(Collected data entries)
________________________

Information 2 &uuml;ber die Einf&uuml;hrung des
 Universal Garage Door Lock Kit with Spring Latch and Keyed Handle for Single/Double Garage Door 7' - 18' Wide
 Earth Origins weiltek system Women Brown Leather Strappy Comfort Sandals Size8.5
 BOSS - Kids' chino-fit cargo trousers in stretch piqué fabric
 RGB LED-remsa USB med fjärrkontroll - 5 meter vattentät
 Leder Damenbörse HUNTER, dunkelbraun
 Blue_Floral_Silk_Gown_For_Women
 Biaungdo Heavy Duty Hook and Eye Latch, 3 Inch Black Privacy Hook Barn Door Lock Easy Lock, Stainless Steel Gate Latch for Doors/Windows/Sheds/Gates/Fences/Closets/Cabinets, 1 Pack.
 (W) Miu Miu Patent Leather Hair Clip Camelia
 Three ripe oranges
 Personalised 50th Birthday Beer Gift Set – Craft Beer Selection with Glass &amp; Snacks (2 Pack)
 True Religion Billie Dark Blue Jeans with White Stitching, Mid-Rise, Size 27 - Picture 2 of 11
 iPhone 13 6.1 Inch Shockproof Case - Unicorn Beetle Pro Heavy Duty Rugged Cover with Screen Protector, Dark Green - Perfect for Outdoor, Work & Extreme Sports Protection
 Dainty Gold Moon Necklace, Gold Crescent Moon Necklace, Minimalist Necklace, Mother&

________________________

◆ **What to produce**: Would you retype the lines of the data above, from the one holding "Personalised 50th Birthday" through its final line, exactly and without adding any other line?

◆ **Worked solution**:
 Personalised 50th Birthday Beer Gift Set – Craft Beer Selection with Glass &amp; Snacks (2 Pack)
 True Religion Billie Dark Blue Jeans with White Stitching, Mid-Rise, Size 27 - Picture 2 of 11
 iPhone 13 6.1 Inch Shockproof Case - Unicorn Beetle Pro Heavy Duty Rugged Cover with Screen Protector, Dark Green - Perfect for Outdoor, Work & Extreme Sports Protection
 Dainty Gold Moon Necklace, Gold Crescent Moon Necklace, Minimalist Necklace, Mother&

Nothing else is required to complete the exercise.